■ **PROBLEM**:
Beginning with the first line, retype exactly the records below up to and including the line with "ホンダ Ｎ ＢＯＸ L"; pictures do not belong in the copy.

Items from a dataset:
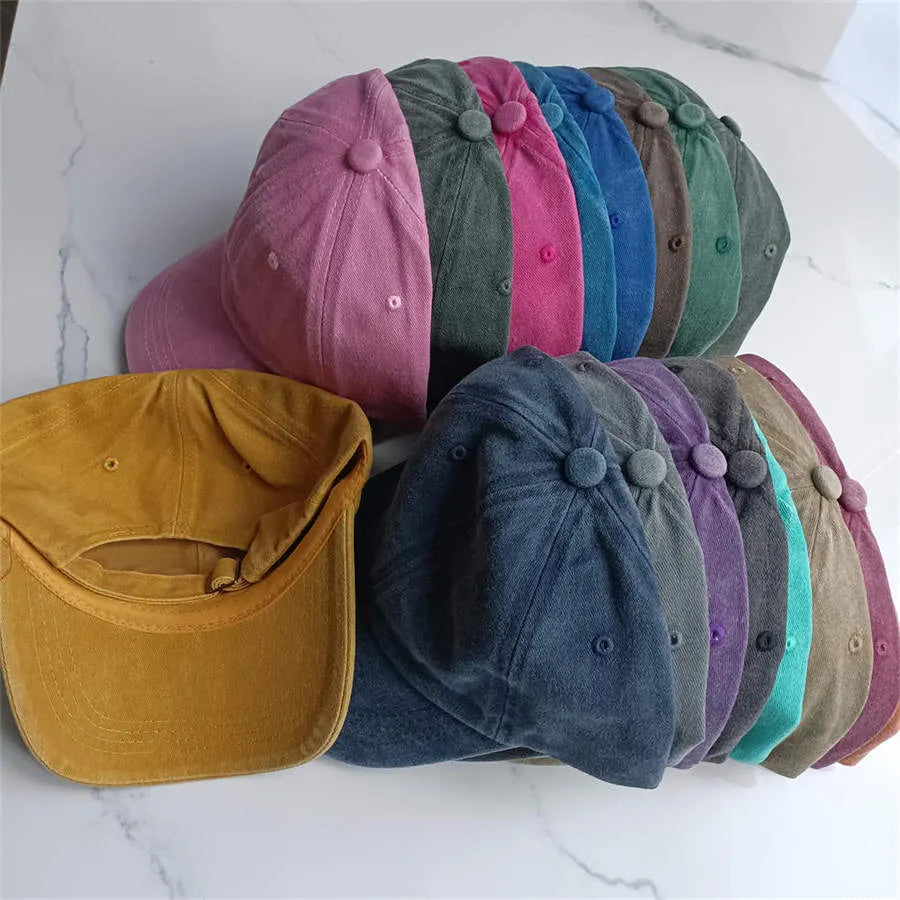 Retro washed cotton baseball cap with dome crown and peaked brim in 56-58cm size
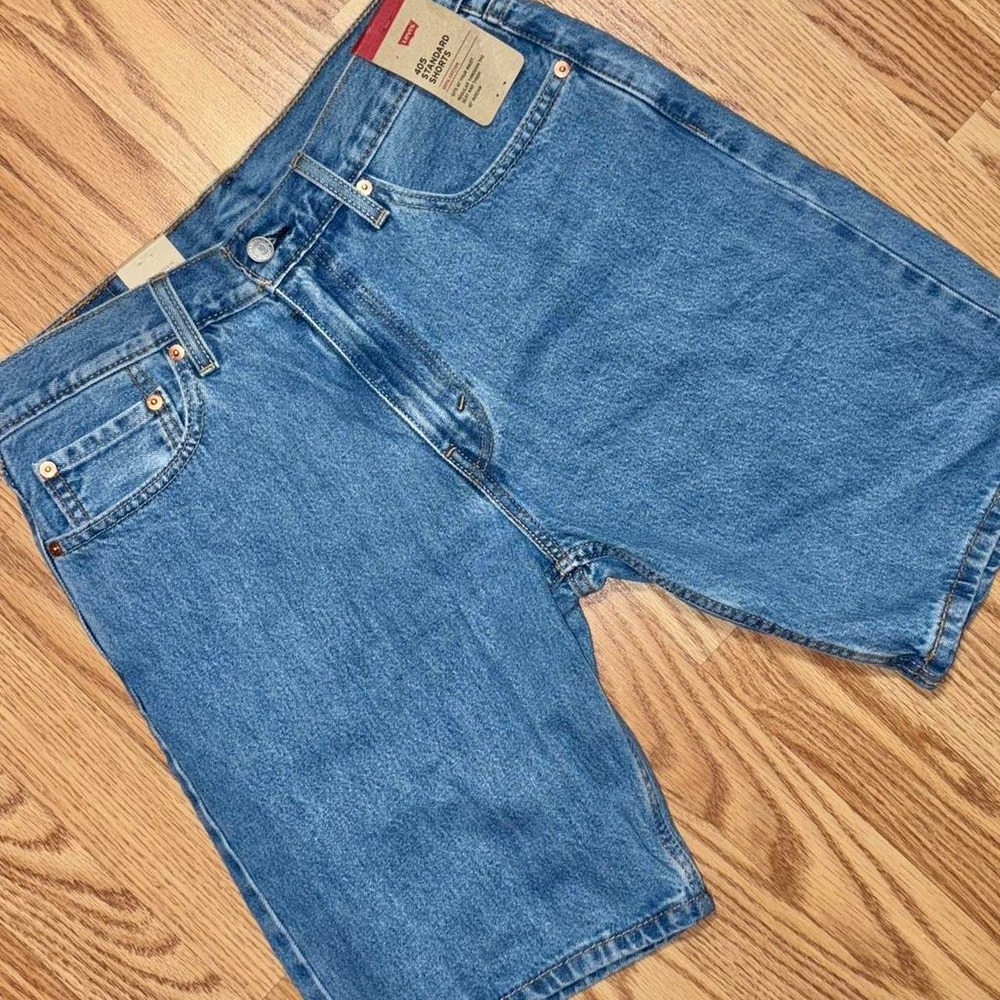 Levi's 405 Standard Denim Shorts — Medium Wash (W33) NWT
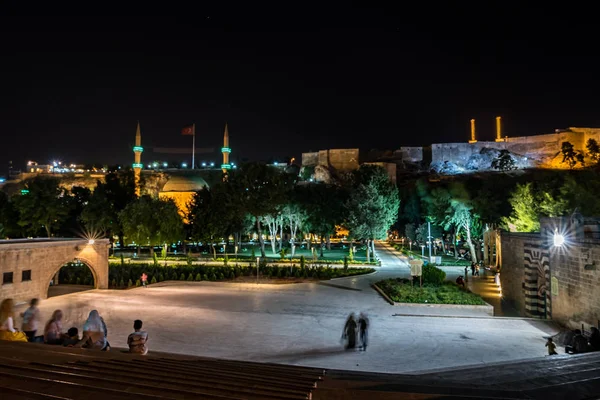 桑尼乌法城市的地标 如乌尔法城堡 Rizvaniye Mevlidi Halil Golbasi 桑尼乌法清真寺 土耳其 7月19日201 — 图库照片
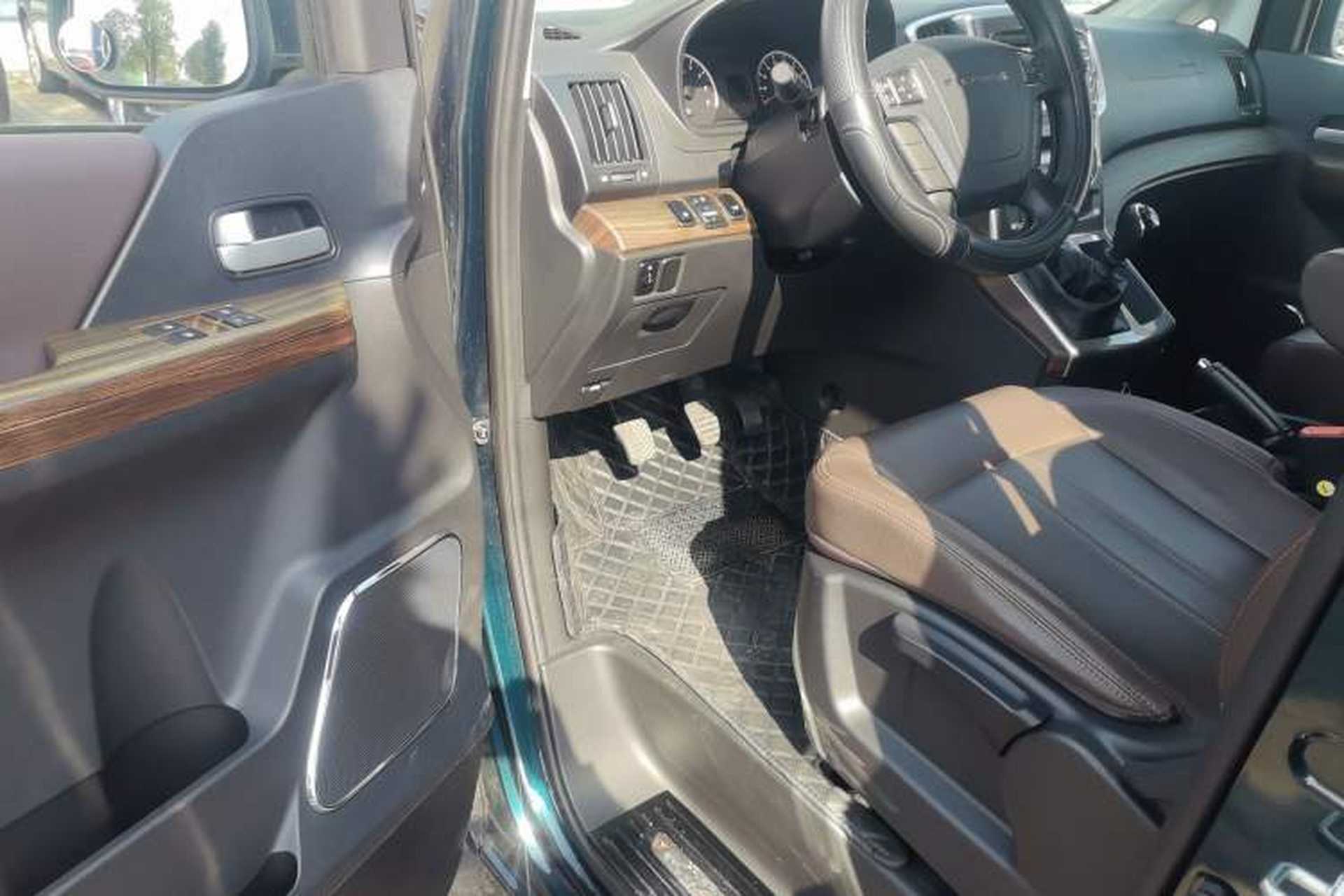 Used FORTHING Lingzhi PLUS 2021 Travel Edition 2.0L Manual Luxury 7-Seater Driver Seat
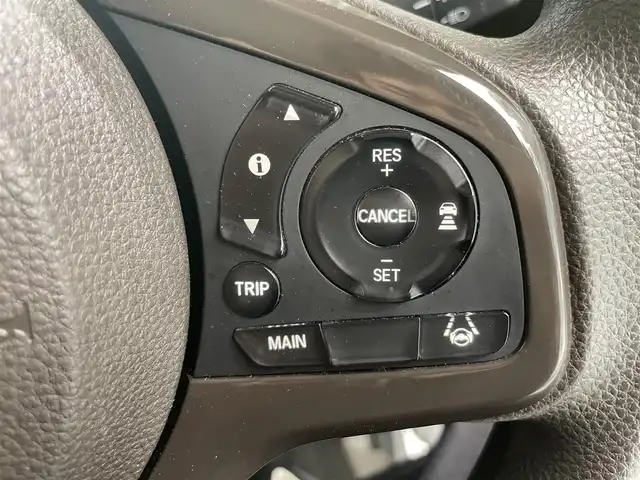 ホンダ Ｎ ＢＯＸ L 鹿児島県 2021(令3)年 6.8万km ルナシルバーM ナビ（CN-BR310B）/ホンダセンシング/追従型クルーズコントロール/レーンキープアシスト/バックカメラ/片側パワースライドドア/前席シートヒーター/前方ドライブレコーダー/後方コーナーセンサー/オートライト/オートマチックハイビーム/純正フロアマット/ETC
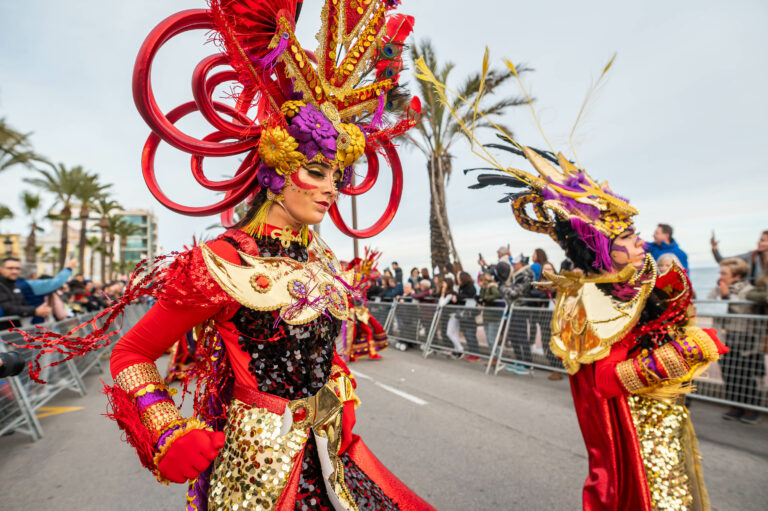 Les colles Canya i Conya, Tribala i Encantats guanyen el Carnaval de Lloret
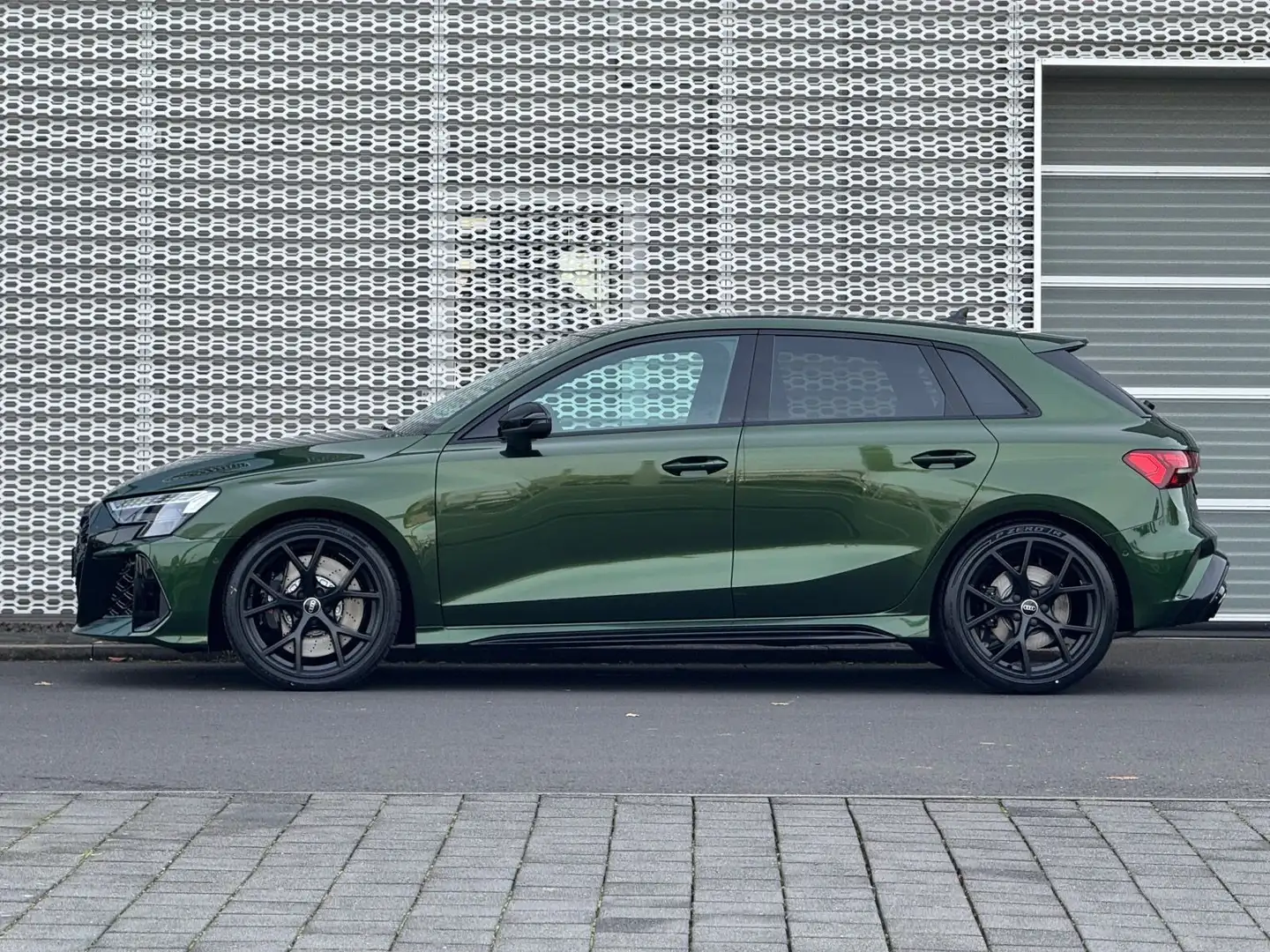 Audi RS3 MATRIX*NAVI*SCHALEN*PANO*280KMH*A Verde - 2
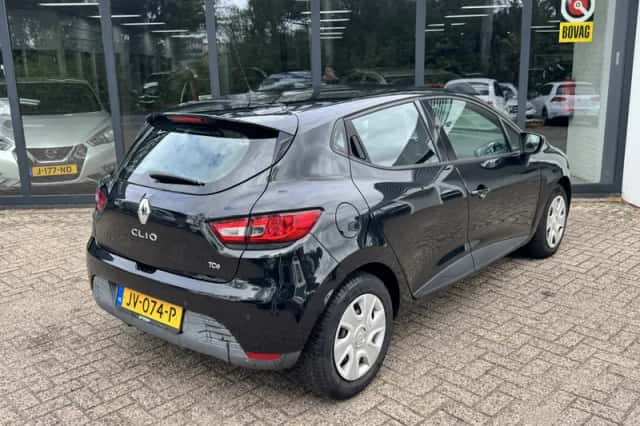Renault Clio (2016) thumbnail 5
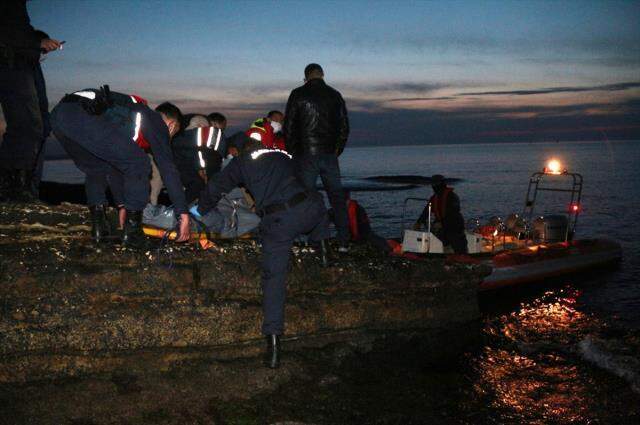 'Babama gidiyorum' diye evden çıkan kadının cansız bedeni deniz kıyısındaki bir mağarada bulundu 'Babama gidiyorum' diye evden çıkan kadının cansız bedeni deniz kıyısındaki bir mağarada bulundu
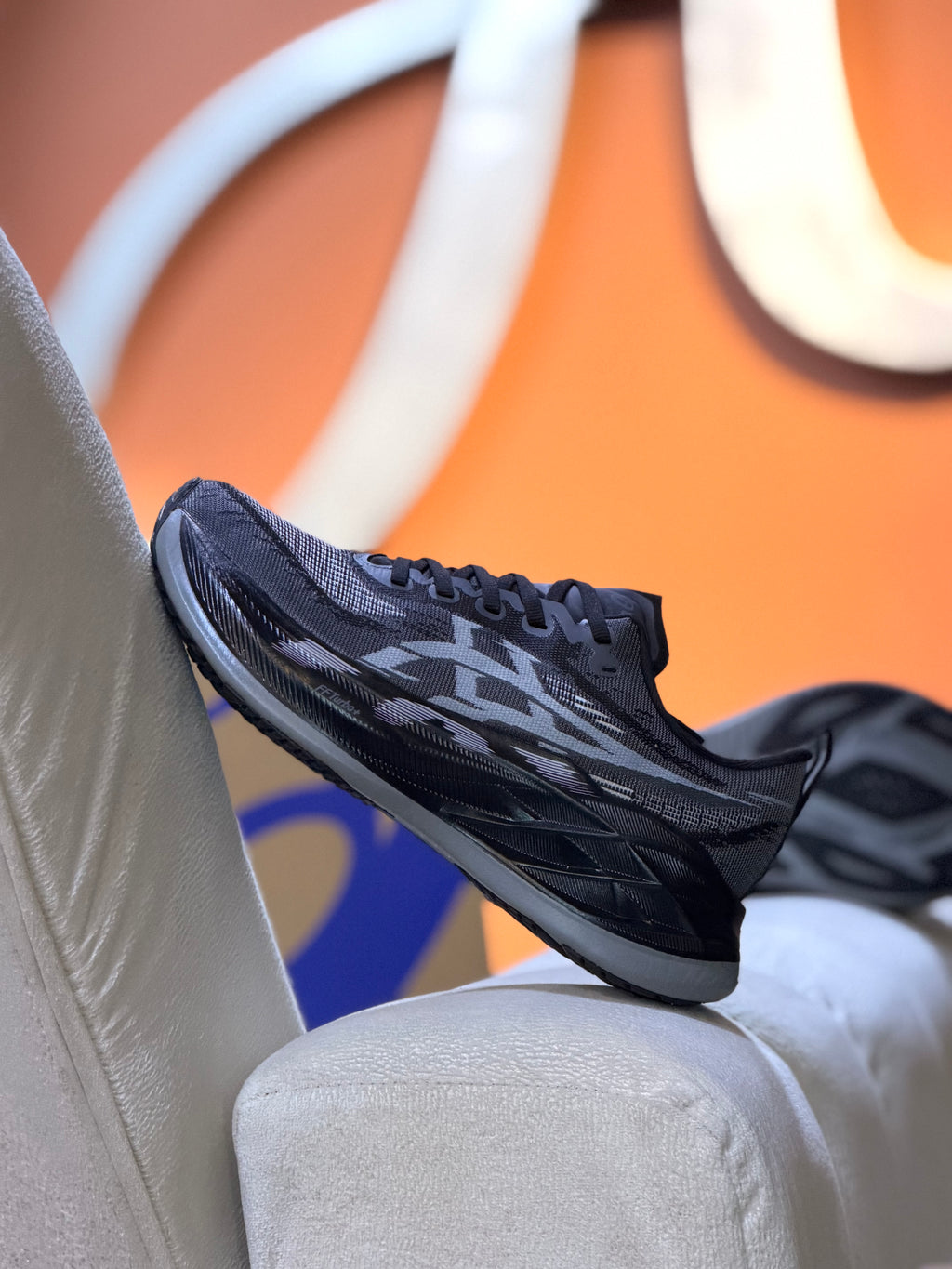 Asics nova blast 6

■ **WRITTEN ANSWER**:
 Retro washed cotton baseball cap with dome crown and peaked brim in 56-58cm size
 Levi's 405 Standard Denim Shorts — Medium Wash (W33) NWT
 桑尼乌法城市的地标 如乌尔法城堡 Rizvaniye Mevlidi Halil Golbasi 桑尼乌法清真寺 土耳其 7月19日201 — 图库照片
 Used FORTHING Lingzhi PLUS 2021 Travel Edition 2.0L Manual Luxury 7-Seater Driver Seat
 ホンダ Ｎ ＢＯＸ L 鹿児島県 2021(令3)年 6.8万km ルナシルバーM ナビ（CN-BR310B）/ホンダセンシング/追従型クルーズコントロール/レーンキープアシスト/バックカメラ/片側パワースライドドア/前席シートヒーター/前方ドライブレコーダー/後方コーナーセンサー/オートライト/オートマチックハイビーム/純正フロアマット/ETC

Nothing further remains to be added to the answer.